Scientists for the first time have seen a specific particle of matter spontaneously turn into its antimatter twin--a discovery that might require some rewriting of the fundamental theory that governs nature at the subatomic level.
Particle physics is like studying fine wristwatches by slamming them together to see which parts fall out. Except that the particles set loose by giant accelerators tend to exist for the briefest wisps of time--only billionths or even trillionths of a second. As a result, scientists can only observe the results of the decay of these particles, collecting data on their mass and electrical charge. Most of the time, these properties fit the Standard Model, the grand theory that has defined the nature of matter for nearly 4 decades. But sometimes, researchers see a particle behave in a new way that could crack open the door to an entirely new category of forces governing particle interactions.
That's what happened when an international group of physicists called the BaBar Experiment used California's Stanford Linear Accelerator Center (SLAC) to glimpse a heavy particle called a neutral D-meson turning into antimatter before it decayed. A D-meson consists of two smaller elements called quarks, one with a property called charm and the other with a property called anti-up. In an article to be published in Physical Review Letters, the BaBar team trained two high-energy particle beams directly at each other and then examined billions of collisions, which produced about 1 million D-mesons. About 500 showed the telltale signs that D-mesons had converted to antimatter--the same particle but containing the opposite constituents: one anti-charm quark and one up quark.
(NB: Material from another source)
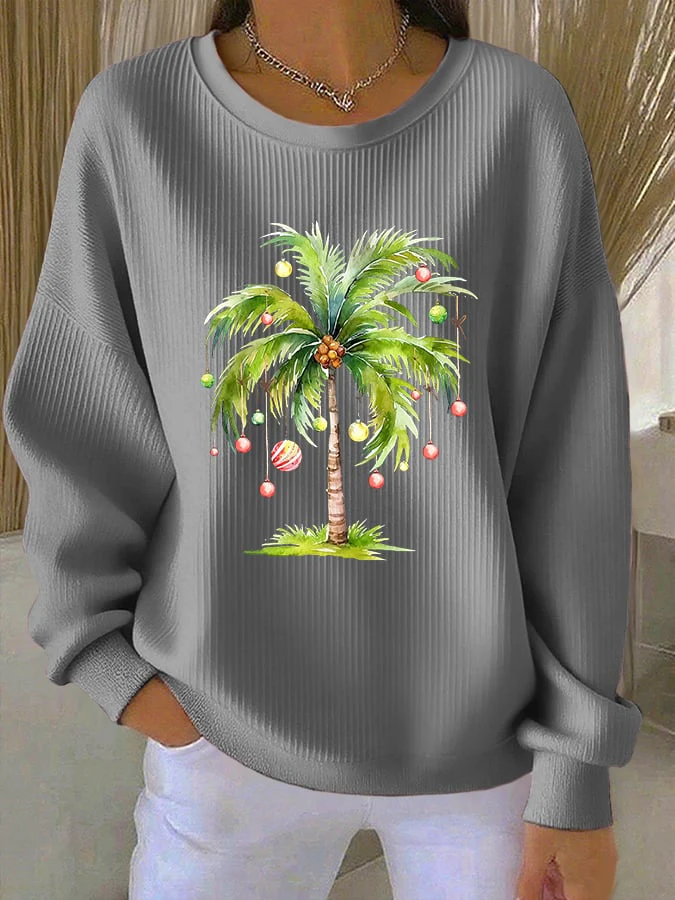 Women's Print Knit Crew Neck Long Sleeve Top - Image 6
Scientists have observed other kinds of mesons turning into antimatter counterparts since the 1950s, but this is the first time anyone has detected a D-meson making the switch, a process called mixing. Researchers had thought the event had never been witnessed before because the D-meson's two constituent quarks were linked in a way that prevents the jump to antimatter.
The discovery by the BaBar group has challenged this assumption, says physicist and SLAC team leader Hassan Jawahery of the University of Maryland, College Park. The D-meson's jump to antimatter could be due to the particle's interactions with forces that are currently unknown, he says: "[it] could be the result of the Standard Model, or it could be new physics."
Physicist Jon Rosner of the University of Chicago agrees that it's too soon to know the significance of the find. Although the detection of D-meson mixing is "a long-sought goal of particle physics," he says, "the theoretical predictions for this effect--even those based on the Standard Model--have been all over the map," so it's "good to see the mixing actually observed."